Class report: Rec 3 in Croatia

Richard Groot, Patrick Kalshoven and Frank Thorborg take a GUE Rec 3 trimix course in Croatia

It is appealing, wreck diving, whether in the North Sea, in tropical waters, or 'somewhere in between.' This was reason enough for us to take a course that would get us closer to that goal. Upon enlisting for the GUE Rec Level 3 Trimix course our instructor, JP Bresser, gave us the option of taking the class in Croatia. This qualifies as 'somewhere in between,' but is primarily known to us for the beautiful wrecks. We were immediately enthusiastic, so "yes, let's!"

Preparation for the course for us consisted of regular diving as a team, mainly to brush up fundamentals skills so everything goes 'smooth.' Also of course, to get used to our new gear: argon sets, stages, torches.

Day one of the course is conducted in Vinkeveen, still in The Netherlands. It's a repetition of Fundamentals theory, instruction on new skills, and two dives to show what we are (still) capable of.
Oops, it appears the skills are not as smooth as we had hoped them to be...


"Ah, already here"
Before commencing the trip we are advised by some of the more experienced Croatia-travellers; “make sure you arrive ahead of time, preferably a day in advance, as this gives you a chance to make a relaxed dive before the course starts, and to get used to the environment and the water.” Good advice! We leave at 5:30am and 1400 kilometres later we arrive in Krnica, ready for our relaxed first day tomorrow.

JP is already waiting for us. He and Anne-Marie had already done two dives on the Vis that day. "Ah, already here. Great, we can start tomorrow!" With the prospect of finishing a day earlier than planned, which also means an extra day of 'free' diving, we are easily convinced. We do get to rest a bit the next morning, and as a bonus, JP gives a RB80 rebreather overview while cleaning it after a dive. After this, the real labour commences.

Similar to what we are used to from Fundamentals, it's hard work. After the first afternoon the days make an early start at 8am. First was some theory, then some diving, then more theory. There was not a single day we finished before 8pm.

Theory sessions are more extensive than with Fundamentals training, and give more insight on dive planning, gas management, breathing gas characteristics and decompression. There was a lot of repetition and a lot of new theory. We pay special attention to the part on decompression, as we will actually be making decompression dives! And there's always the homework; write out the procedures: s-drill, gas switch, and also do some dry-runs of the procedures. Everything to make sure things will go smoother during the dives to come.

"You learn most from your mistakes"
The first two dives are similar to those we did in Vinkeveen. Every drill comes along: basic 5, s-drill, valve drill, SMB deployment, and ascent. During the other skills-dives everything reappears regularly, but in different contexts. New skills are added such as gas-switch and valve failures. Skills are combined and ascents get more complicated. And more so than in the fundamentals course, the interrelation between skills is demonstrated. Why do you need to master the valve drill? Learn and practice the failures and you'll know. Why do the deco stops need to be spot-on? Well, you're doing decompression dives with mandatory stops, so the significance is obvious.

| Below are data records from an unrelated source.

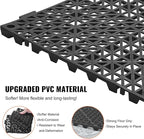 VEVOR Interlocking Tile 55PCS Black, Drainage Tiles 12" x 12" Splicing, Soft PVC Interlocking Drainage Floor Tiles, Non-Slip Drainage Holes for Restroom, Bathroom, Kitchen, Pool, Wet Areas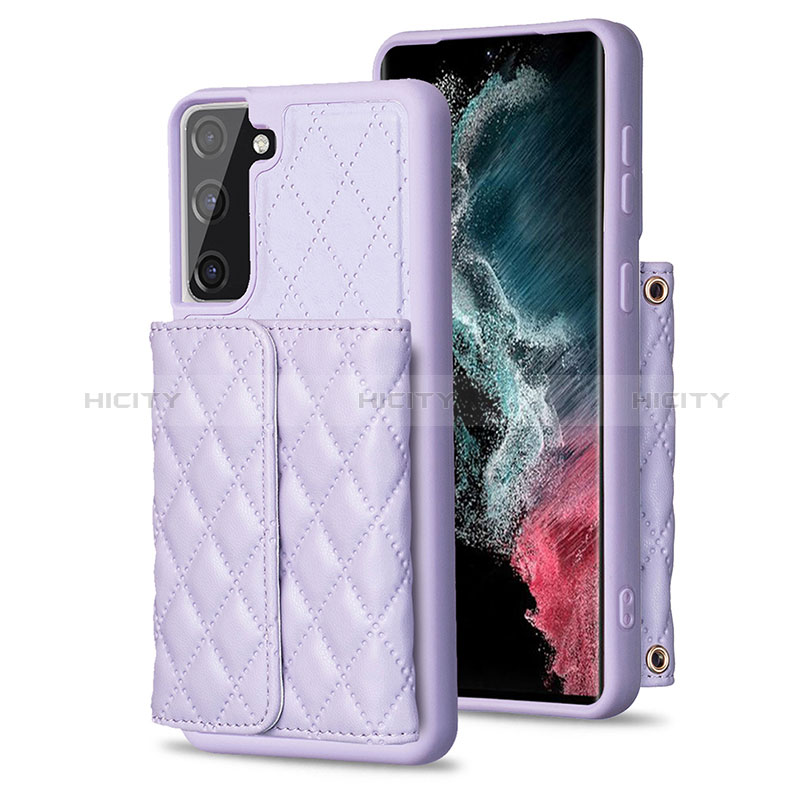 Coque Silicone Gel Motif Cuir Housse Etui BF5 pour Samsung Galaxy S21 FE 5G Violet Clair Plus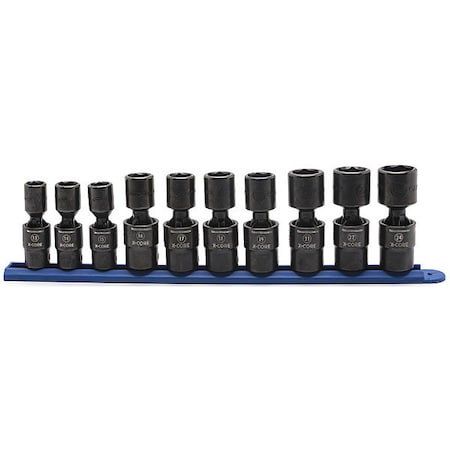 Gearwrench 10 Piece 1/2" Drive 6 Point Standard X-Core Pinless Universal Impact Metric Socket Set 84979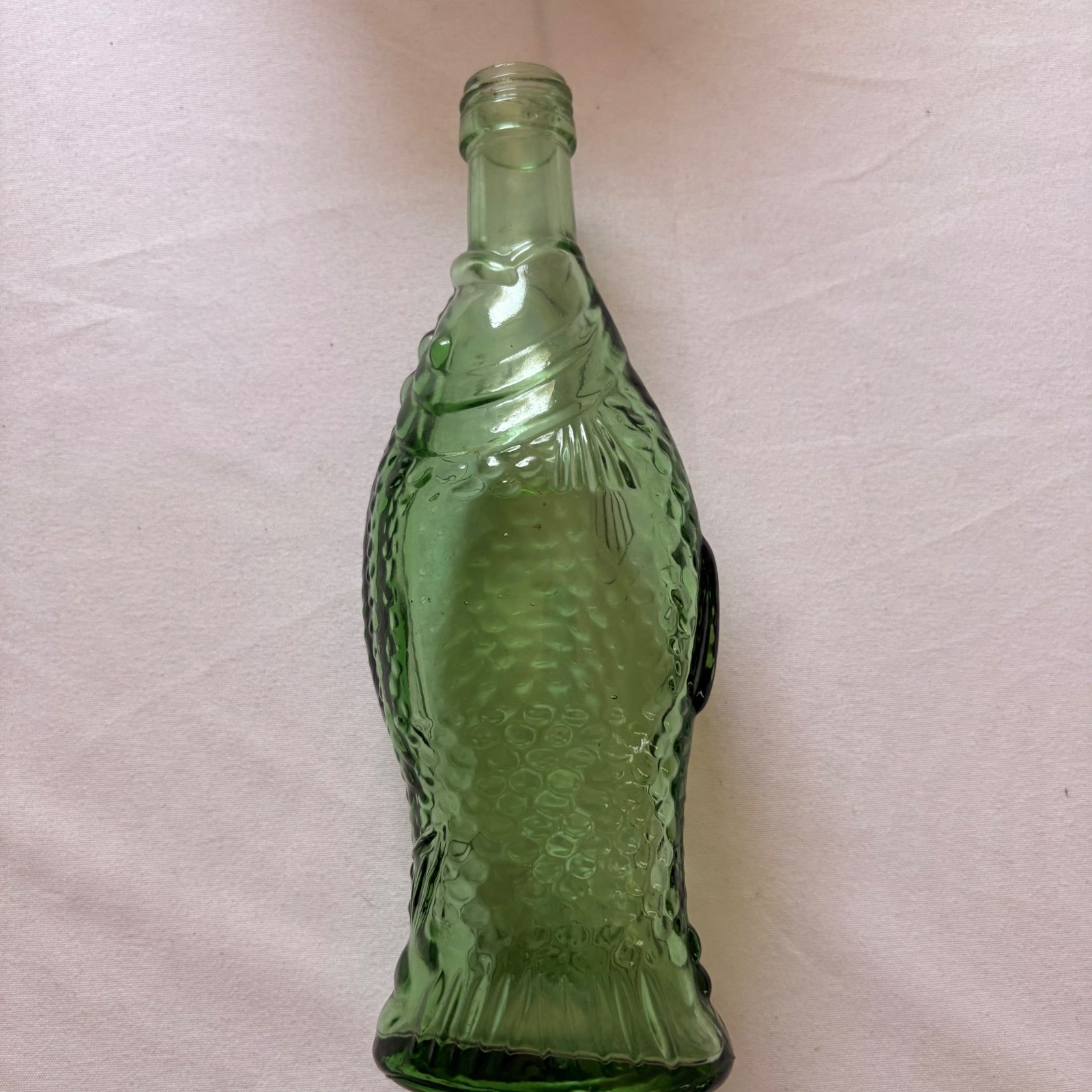 Vintage Vetreria Etrusca VE Green Glass Fish Shaped Bottle Italy 7.5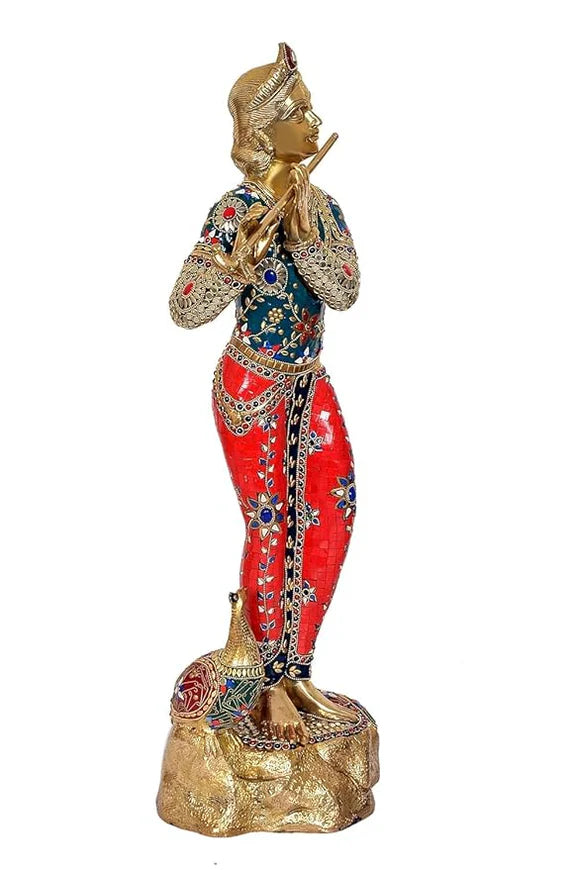 Brassaura® Brass Krishna Statue with Peacock | 29 Inch Large Lord Krishna Idol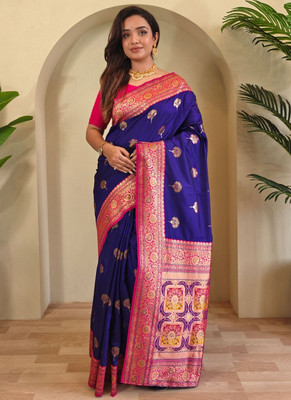 rendol Woven Banarasi Jacquard Saree(Purple)
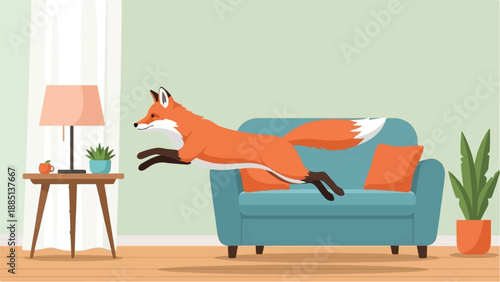 A cartoon fox leaps playfully over a blue couch in a living room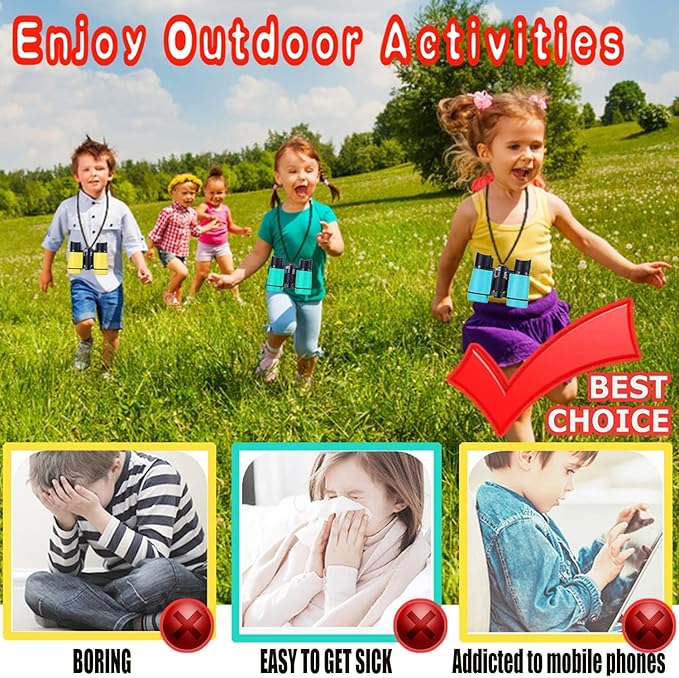Kids Binoculars Best Gifts for 3-12 Years Boys Girls High-Resolution Optics - Image 3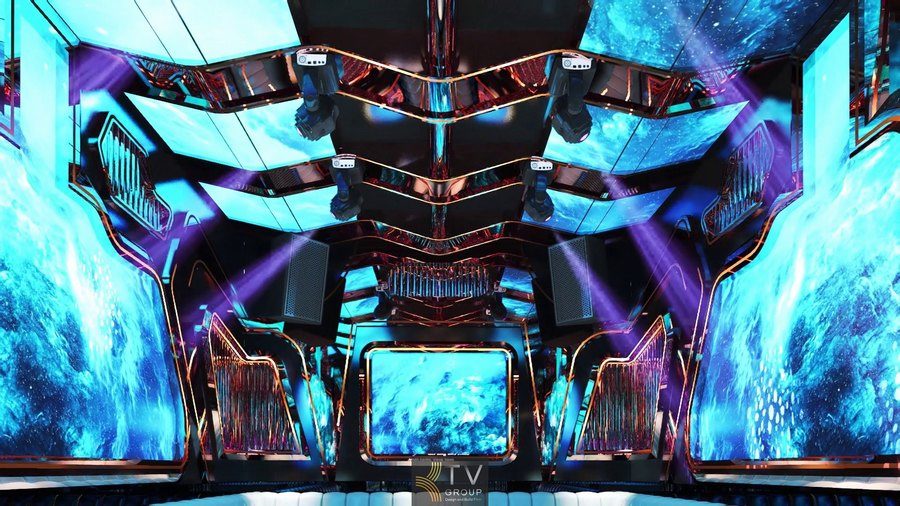 Thiết kế thi công phòng karaoke H KTV phong cách tương lai với màn hình LED 360 độ, ánh sáng xanh dương và hệ trần công nghệ cao tạo trải nghiệm giải trí đẳng cấp.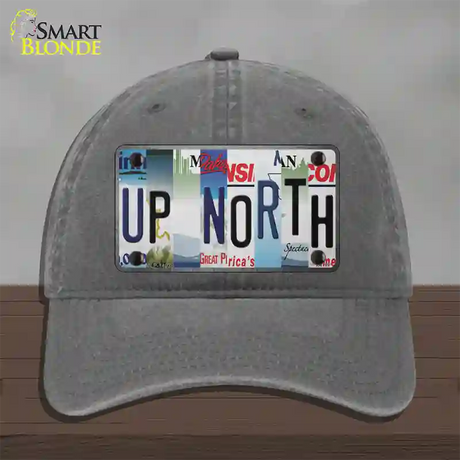 Up North Strip Art Novelty License Plate Hat Tag Unconstructed Cotton / Charcoal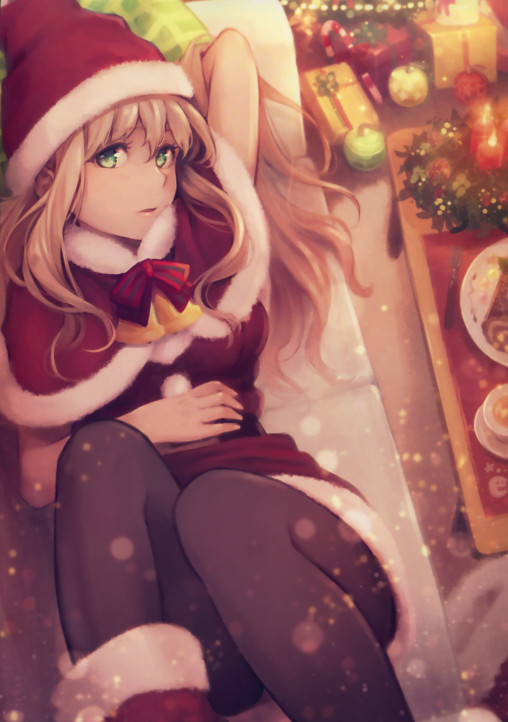 black-pantyhose-anime-santa-costume-christmas-black-tights-nylon-blonde-girl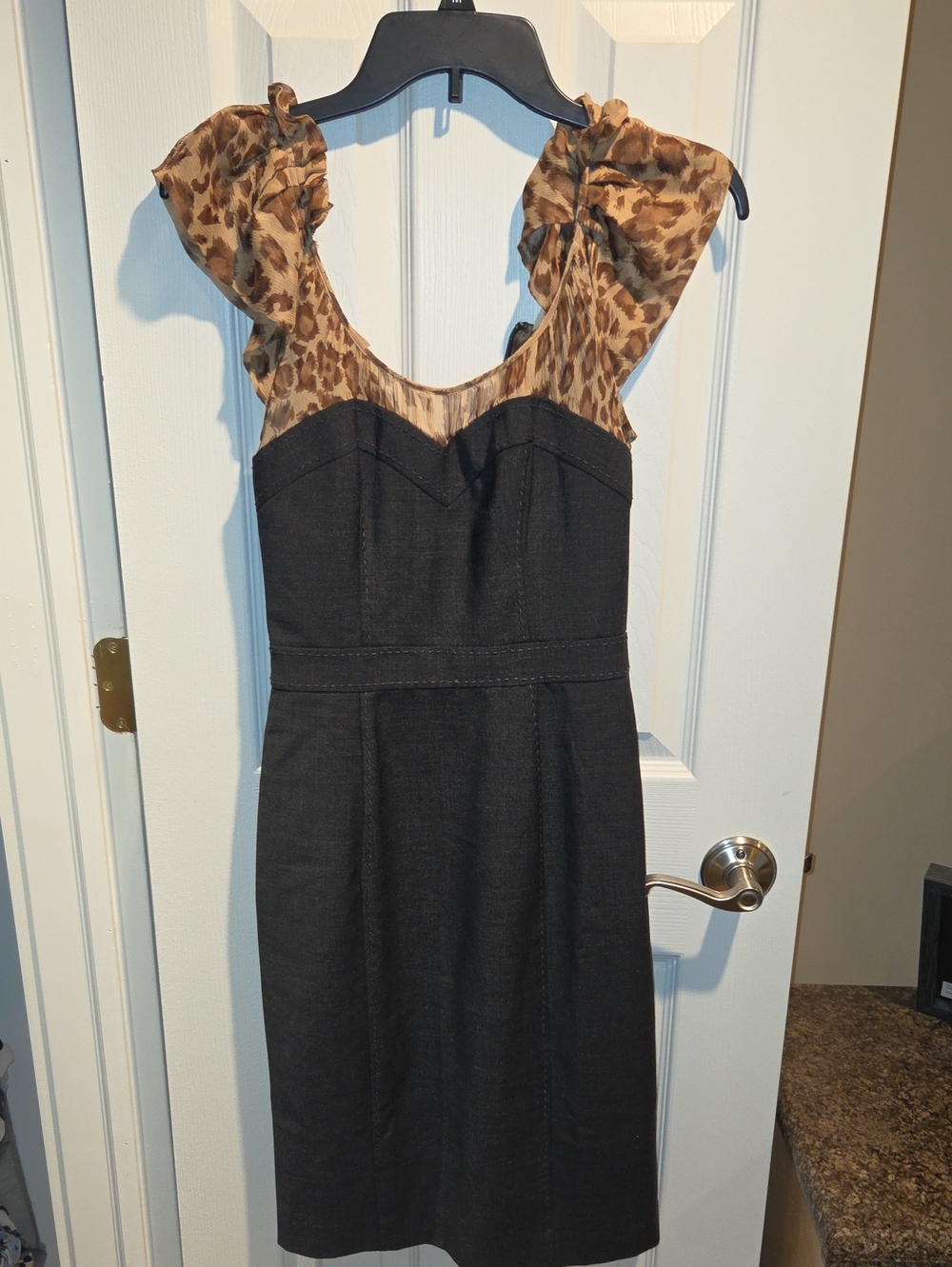 Rebecca Taylor Black Midi Dress with Leopard Ruffle Shoulders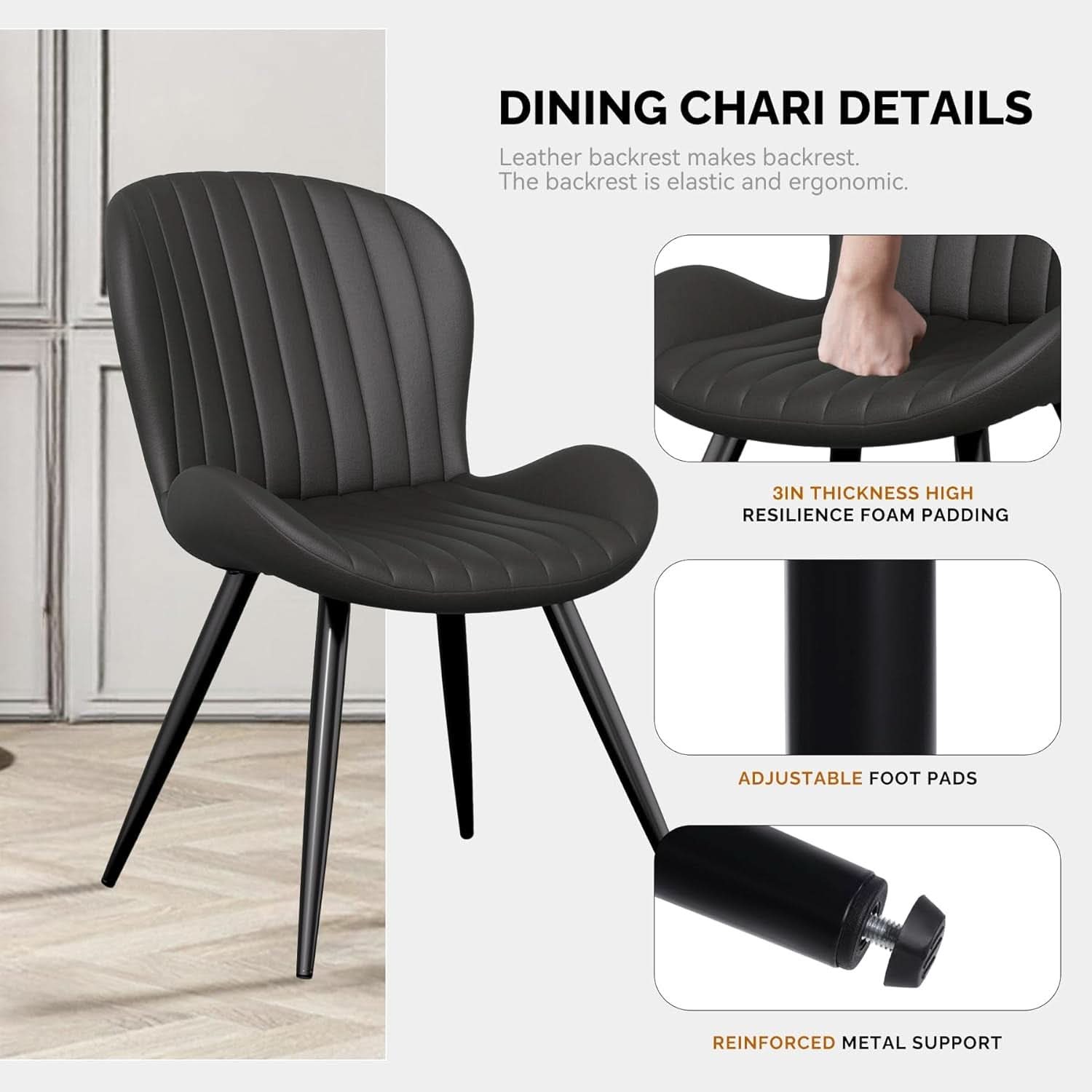 Dining Chairs Set Of 6 Modern Upholstered Black 19 Inch
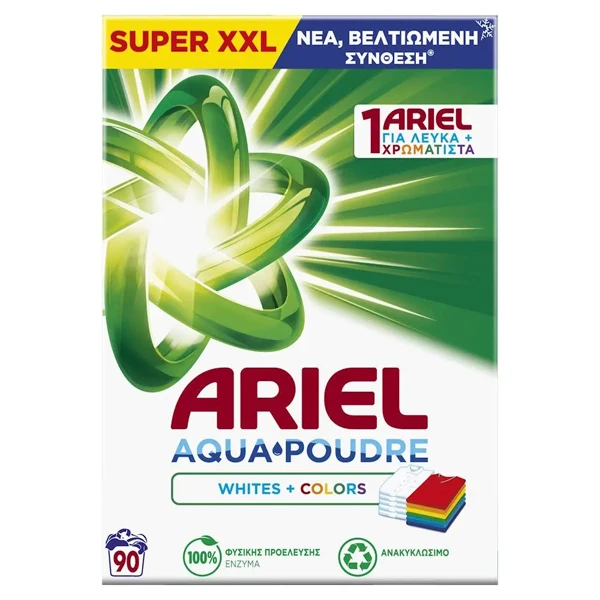 Σκόνη Πλυντηρίου Ρούχων 90μεζ. Whites & Colors ARIEL 5,85kg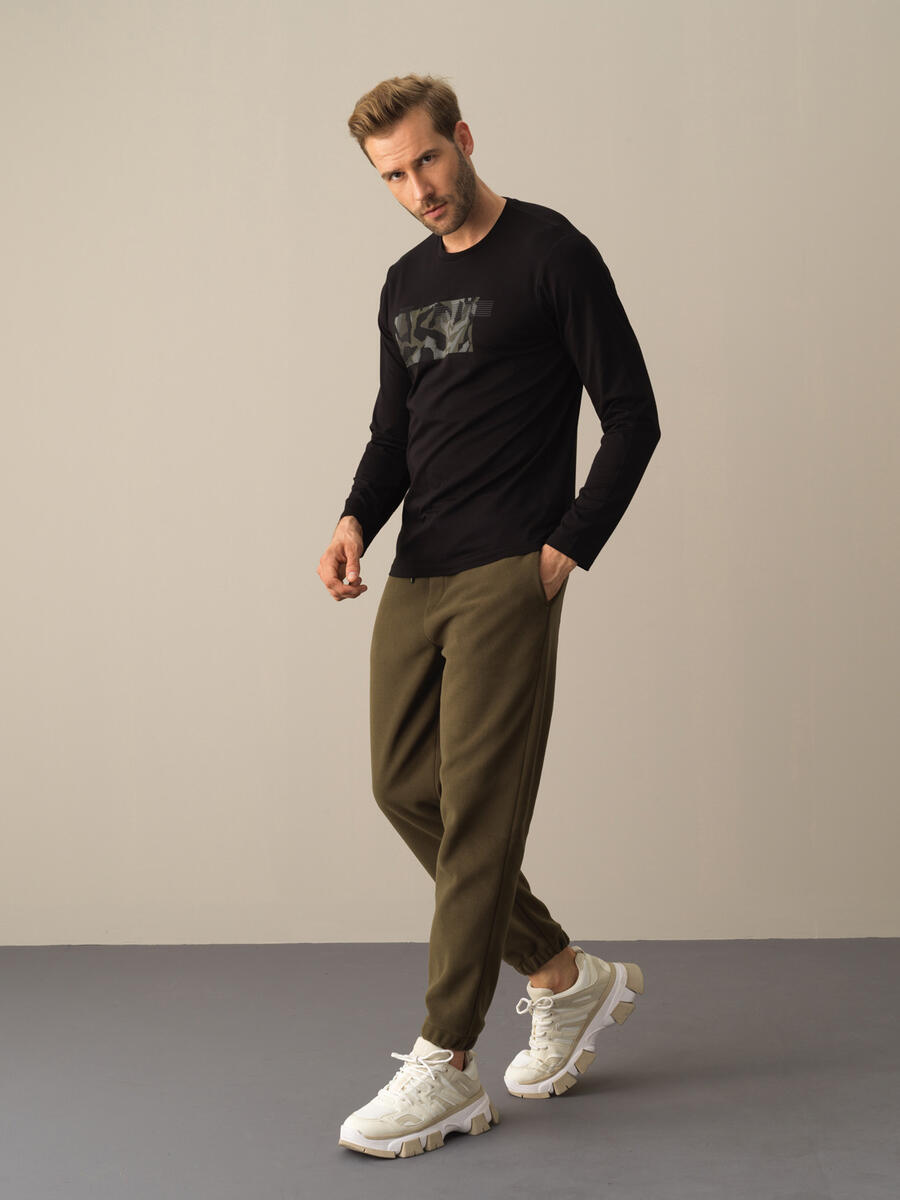 Siyah Modal Dokulu Slim Fit Baskılı Tişört - 2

Some skills go well, but a lot of them don't; it's all part of the learning process. Moments of great frustration come in large doses, but JP recognises our progress and shares that with us. Mostly, we feel the progress is miles away, especially when we are fiddling with a non-stowed light cord trapped between our valves, again. But we do have lots of fun though and notice some improvement. The GUE-EDGE is stutter-free, skills we had trouble with earlier go more and more on auto-pilot. It appears things are actually going smoother!

Frank almost loses his regulator underwater while laughing when he witnesses one of the teammates makes a belly-landing in the sand as JP gives him a taste of how it is to swim with three stages instead of just one. Of course, he does exactly the same...

The pleasure is much enhanced because not all the dives are about working on skills. Halfway through the course there is an experience dive on the Lina wreck. The wreck is in good condition, except for the wooden decks which are gone, but consequently give a beautiful view into the holds. After about twenty minutes bottom time there are the deco stops and the gas-switch, all according to plan. And, this was our first trimix dive. The three of us surface satisfied; this is what all of this effort is for!

After every dive there is an extensive debriefing with points of attention for the next dive. Ruthless video footage, shot by Anne-Marie, registers every detail. Confronting, but ever-the-more educational, JP emphasizes: "you learn most from your mistakes." During this week we have definitely learned a lot...

The one skill we quickly and most noticeably master is the efficient loading of the car. You need a whole bunch of stuff for each diving day! Maurizio's diving centre, however, has an ample supply of 12-Liter doubletanks, stage bottles, and all the gas mixes you'll need. In the evening you give him the heads-up on what you need for the next day, and he'll make sure it's waiting for you in the morning.

Don't bother looking for your own set. Chances are someone else has already taken it. You can take whatever is on hand; it's all the same anyway— that is the benefit of standardization. At the end of the week, you'll have your own stuff back.

The last few dives of the course are two more experience dives on the fantastic wreck of the Baron Gautsch. As a team we do the preparation and planning of the dive to a depth of 36 meters. The dive is amazing, and makes us wish we had dive sites like these at home. We swim alongside and around the superstructure, and after that we enter the upper deck. Visibility inside is perfect! JP always wants to have a goal for the dive and asks if it would be okay if he did a photo shoot with us during the dive. Would it be okay? Of course! Two great dives and great pictures of them as a memory, what more can you want? It is also is the perfect opportunity to bring an important part of the theory into practice: "rule #2: always look good." The dives go according to plan and JP is satisfied with the pictures he has taken. It all feels good!

“Congratulations …”
Between the dives, theory sessions, and homework the atmosphere is relaxed, and it almost feels like a real holiday. The apartments in Krnica are beautiful, and food in the local pizzeria and in the restaurant next to the diving centre is fine. Besides us there is a group of other Dutch GUE divers present. We regularly eat together and it is nice to share diving stories and experiences on the boat.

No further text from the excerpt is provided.